New artificial intelligence software can decode conversations between small monkeys called marmosets. Researchers reported the findings today at the 2017 Society for Neuroscience annual meeting in Washington D.C.

Marmosets are social animals that live in groups. Their vocabulary includes 10 to 15 calls — twitters, trills, chirps, ‘phees’ and various kinds of peeps, each with its own meaning. Studies suggest that like human babies, baby marmosets learn to communicate by hearing other marmosets talk to them1,2.

The monkeys’ human-like communication system has made them popular among scientists who study language, social communication or vocal production. Marmosets carrying autism-linked mutations are also good models for altered social behavior in the condition.
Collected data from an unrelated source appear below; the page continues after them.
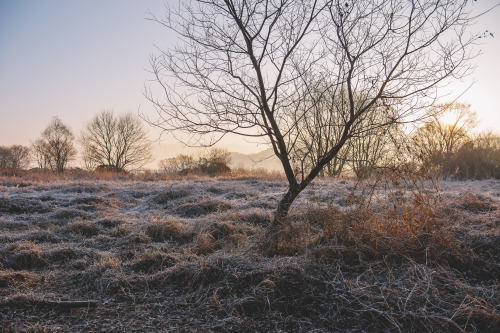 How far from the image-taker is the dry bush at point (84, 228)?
5.27 meters

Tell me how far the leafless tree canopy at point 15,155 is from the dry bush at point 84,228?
45350mm

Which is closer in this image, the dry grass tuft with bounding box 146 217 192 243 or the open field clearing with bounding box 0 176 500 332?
the open field clearing with bounding box 0 176 500 332

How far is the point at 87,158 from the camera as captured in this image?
36406mm

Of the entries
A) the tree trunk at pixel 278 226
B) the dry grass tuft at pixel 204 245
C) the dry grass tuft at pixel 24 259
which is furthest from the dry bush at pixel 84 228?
the tree trunk at pixel 278 226

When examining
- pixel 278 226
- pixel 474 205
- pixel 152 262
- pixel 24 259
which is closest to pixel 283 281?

Visual representations of marmoset calls, called spectrograms, also appear as distinct patterns of frequencies. But it is tedious to manually extract the different calls from hours of recordings of screeching monkeys, cage noises and people talking in the background.

“Either you hire a bunch of graduate students to sit through and listen to all of it and classify it or you come up with a way for a computer to do it,” says Samvaran Sharma, an engineer at the McGovern Institute at the Massachusetts Institute of Technology in Cambridge, Massachusetts, who presented the work. Sharma developed the software with colleagues in Robert Desimone’s laboratory at MIT.

The interlocutor:

The new program first separates the audio from background noise and detects which segments of the recording contain a monkey call. Spectrograms of those segments are then turned into black and white images. So, for example, a chirp looks like a series of thin vertical white brush strokes, while a phee looks like a thick, slightly curved dash.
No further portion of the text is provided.